Cautionary Statement Regarding Forward-Looking Statements
Information provided and statements contained in this report that are not purely historical are forward-looking statements within the meaning of Section 27A of the Securities Act of 1933, as amended, Section 21E of the Securities Exchange Act of 1934, as amended, and the Private Securities Litigation Reform Act of 1995. Such forward-looking statements only speak as of the date of this report and the Company assumes no obligation to update the information included in this report. Such forward-looking statements include information concerning our possible or assumed future results of operations, including descriptions of our business strategy. These statements often include words such as believe, expect, anticipate, intend, plan, estimate, or similar expressions. These statements are not guarantees of performance or results and they involve risks, uncertainties, and assumptions. For a further description of these factors, see Item 1A, Risk Factors of our Form 10-K for the fiscal year ended October 31, 2010, which was filed on December 21, 2010 , and Part II, Item 1A, Risk Factors, included within our Form 10-Q for the period ended July 31, 2011, which was filed on September 7, 2011. Although we believe that these forward-looking statements are based on reasonable assumptions, there are many factors that could affect our actual financial results or results of operations and could cause actual results to differ materially from those in the forward-looking statements.

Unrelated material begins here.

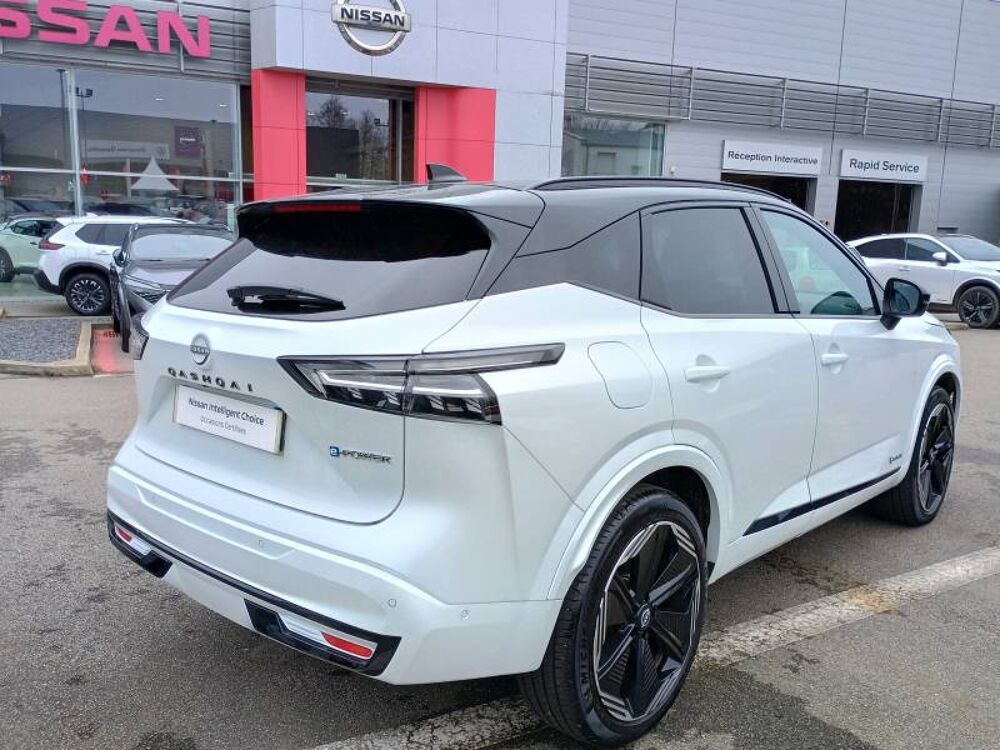 Qashqai e-Power 190 ch N-Design 2025 occasion 29200 Brest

All future written and oral forward-looking statements by us or persons acting on our behalf are expressly qualified in their entirety by the cautionary statements contained or referred to above. Except for our ongoing obligations to disclose material information as required by the federal securities laws, we do not have any obligations or intention to release publicly any revisions to any forward-looking statements to reflect events or circumstances in the future or to reflect the occurrence of unanticipated events.